I am trying to understand the idea of annulus of convergence. This is the example I have been looking at but it has me completely stumped.

[∞]\sum[/n=1] (z^n!)(1-sin(1/2n))^(n+1)! + [∞]\sum[/n=1] (2n)!/[((n!)^2)(z^3n)]

All of the examples I have worked on in the past have been complex functions. This one seems odd because it is a Laurent Series.

 

[yus310]

I am trying to understand the idea of annulus of convergence. This is the example I have been looking at but it has me completely stumped.

[∞]\sum[/n=1] (z^n!)(1-sin(1/2n))^(n+1)! + [∞]\sum[/n=1] (2n)!/[((n!)^2)(z^3n)]

All of the examples I have worked on in the past have been complex functions. This one seems odd because it is a Laurent Series.

If have to go back to Calc II, and find or use a series of test series e.g.

alternating series
comparsion tests

to see how and when they converge...

 

[jackmell]

I am trying to understand the idea of annulus of convergence. This is the example I have been looking at but it has me completely stumped.

[∞]\sum[/n=1] (z^n!)(1-sin(1/2n))^(n+1)! + [∞]\sum[/n=1] (2n)!/[((n!)^2)(z^3n)]

All of the examples I have worked on in the past have been complex functions. This one seems odd because it is a Laurent Series.

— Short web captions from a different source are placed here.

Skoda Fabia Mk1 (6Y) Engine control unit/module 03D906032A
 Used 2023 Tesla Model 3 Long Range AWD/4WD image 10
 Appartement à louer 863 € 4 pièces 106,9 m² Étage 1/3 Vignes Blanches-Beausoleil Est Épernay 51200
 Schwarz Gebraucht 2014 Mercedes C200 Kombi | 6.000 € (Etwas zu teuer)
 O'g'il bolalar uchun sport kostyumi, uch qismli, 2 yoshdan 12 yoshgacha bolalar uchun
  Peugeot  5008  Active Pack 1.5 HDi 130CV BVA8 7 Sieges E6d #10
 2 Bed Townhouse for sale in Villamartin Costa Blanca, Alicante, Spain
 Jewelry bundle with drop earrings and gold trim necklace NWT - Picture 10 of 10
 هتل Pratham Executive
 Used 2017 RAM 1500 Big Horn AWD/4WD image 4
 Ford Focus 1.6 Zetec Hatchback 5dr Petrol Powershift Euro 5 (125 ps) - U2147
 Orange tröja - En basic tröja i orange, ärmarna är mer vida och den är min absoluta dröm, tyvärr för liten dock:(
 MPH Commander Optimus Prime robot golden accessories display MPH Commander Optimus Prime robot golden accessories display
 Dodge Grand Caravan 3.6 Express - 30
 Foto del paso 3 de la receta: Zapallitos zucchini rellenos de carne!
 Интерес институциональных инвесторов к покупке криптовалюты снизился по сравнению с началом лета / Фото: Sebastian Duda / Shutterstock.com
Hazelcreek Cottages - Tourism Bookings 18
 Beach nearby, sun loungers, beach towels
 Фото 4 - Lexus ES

I think your problem stems from evaluating the convergence of the term

\sum \frac{b_n}{z^n}

that has a region of convergence "greater" than some number. For example, suppose I let 1/z=w and consider:

\sum b_n w^n

and I can use any of the standard tests on that and find out it's radius of convergence is 3. That means

\left|\frac{1}{z}\right|<3

or:

|z|>1/3

That gives you the inner radius and the radius of convergence for the other sum gives you the outer radius.